Entry from June 19, 2012

Talk about your cheap shots! The New Republic is, as you might expect, not short of reasons for thinking that Mitt Romney is a mug — Mitt the mug — and a bum and no potential president at all next to the magazine’s hero and idol, President Barack Obama. But what are we to think of the inclusion among these reasons for despising him the fact that our boy Mitt — who, as today’s Washington Post avers, is at last beginning to make us so-recently divided Republicans warm up to him — uses words like “Gosh” and “Golly” and “Gee” in his everyday conversation? According to John McWhorter, who teaches linguistics at Columbia, such language marks Mitt out as a phony, and “out of line with the let-it-all-hangout [sic] essence of the culture” just like “the Beaver Cleaver 1950s Romney grew up in.”

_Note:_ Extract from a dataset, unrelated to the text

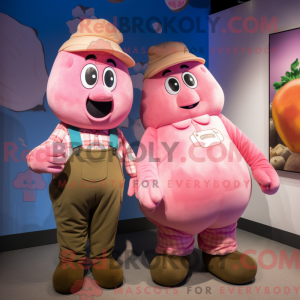Pink kartoffel maskot...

Gee, gosh, and golly are all tokens of dissimulation. They are used in moments of excitement or dismay as burgherly substitutions, either for God and Jesus — words many religious people believe should not be “taken in vain” — or for words considered even less appropriate. . . To increasing numbers of modern Americans, the G-words are unusable outside of quotation marks, be these actual or implied, rather like the word perky.

I suspect that the “increasing numbers of modern Americans” are aspirational, as he supplies no evidence for such increase or timeline against which to measure it. But it would be pretty clear whom he is writing about here even without the inclusion of that curious pejorative “burgherly,” which I guess is itself a dissimulation for “bourgeois.” The “modern Americans” who would only use “Gosh” in quotation marks are the hip — those who, says Professor McWhorter, use a “warmer” sort of colloquial speech which does not eschew offense to the Almighty, nor yet to the uptight sensibilities betrayed by a burgherly aversion to the scatological.

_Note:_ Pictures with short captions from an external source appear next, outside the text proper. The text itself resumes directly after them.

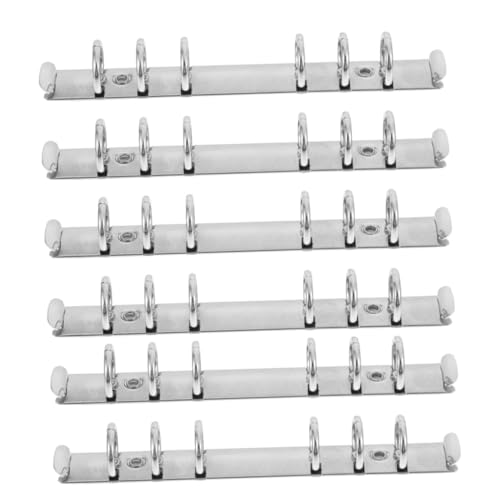 Angoily 12 Stück Teiliges Metall Binder Ringe Rostfreier Glatte Oberfläche Praktische Segmentierung Wiederverwendbar für Lose für Büro Schule und DIY Ordner Kompatibel mit System Angoily 12 Stück Teiliges Metall Binder Ringe Rostfreier Glatte Oberfläche Praktische Segmentierung Wiederverwendbar für Lose für Büro Schule und DIY Ordner Kompatibel mit System von Angoily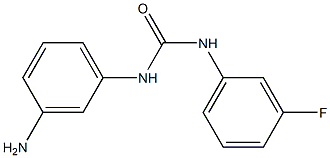 3-(3-aminophenyl)-1-(3-fluorophenyl)urea Struktur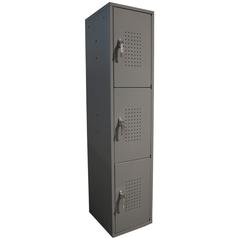 3 Tier Locker With Keyed Lock Handle
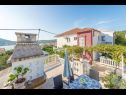 Appartamenti Kosta - 70m from sea : A1(2+1), A2(4+2) Vinisce - Riviera Trogir  - il cortile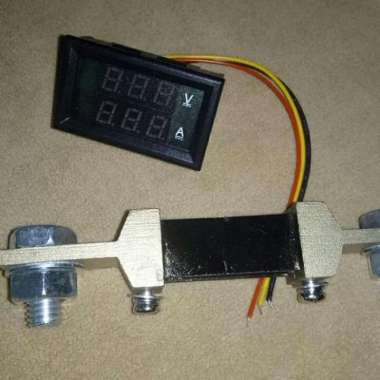DIGITAL VOLT METER AMPERE METER DC 100V 10A 300A+RSHUNT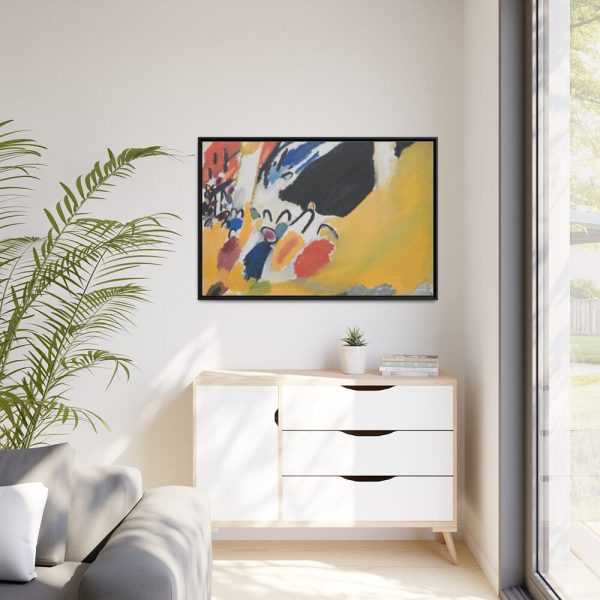 88289-243.jpg Impressions III by Wassily Kandinsky Framed Canvas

The subtext here is that of the cult of authenticity, which sees raw unmediated expressions of emotion as the only truth and which therefore despises as dishonest or “dissimulation” any language which obviously limits its expressive powers by conformity to outdated social conventions. Or, as they’re also known, good manners. Of course, there are also conventions involved in the supposedly direct and authentic expression of the hip, as the professor himself points out in his analysis of the use of “yo” in black speech and “you know” by the President. Though conventional expressions of authentic feeling or solidarity with black subculture, these are not, however, mannerly in intention. In fact, they are the opposite of good manners, since they are not, like good manners, self-effacing but conversationally aggressive in asserting the priority of the speaker’s feelings over the sensitivities of his auditors.

It’s a nice question, isn’t it? That Obama voters predominate among those who are so hip as to regard “golly” as phony seems entirely probable, but there are well-attested signs in the polls that Obama voters are a bit thinner on the ground in this election cycle than they were four years ago. How many of the doubters and waverers, I wonder, would leap to agree with Professor McWhorter that “there are few better ways to connote the air of a mannequin in 2012 than by saying gosh with a straight face”? Or is it possible that these less-enthusiastic Obama supporters include at least some who are precisely the kind of people who regret or deplore “the let-it-all-hangout essence of the culture” and who thought in 2008 that that nice, well-spoken Mr Obama was, if not a latter-day Beaver Cleaver, at least someone whom the burgherly could feel comfortable with? If so, it’s the President who could do with a few more “Gees” rather than Romney who needs to cut them out.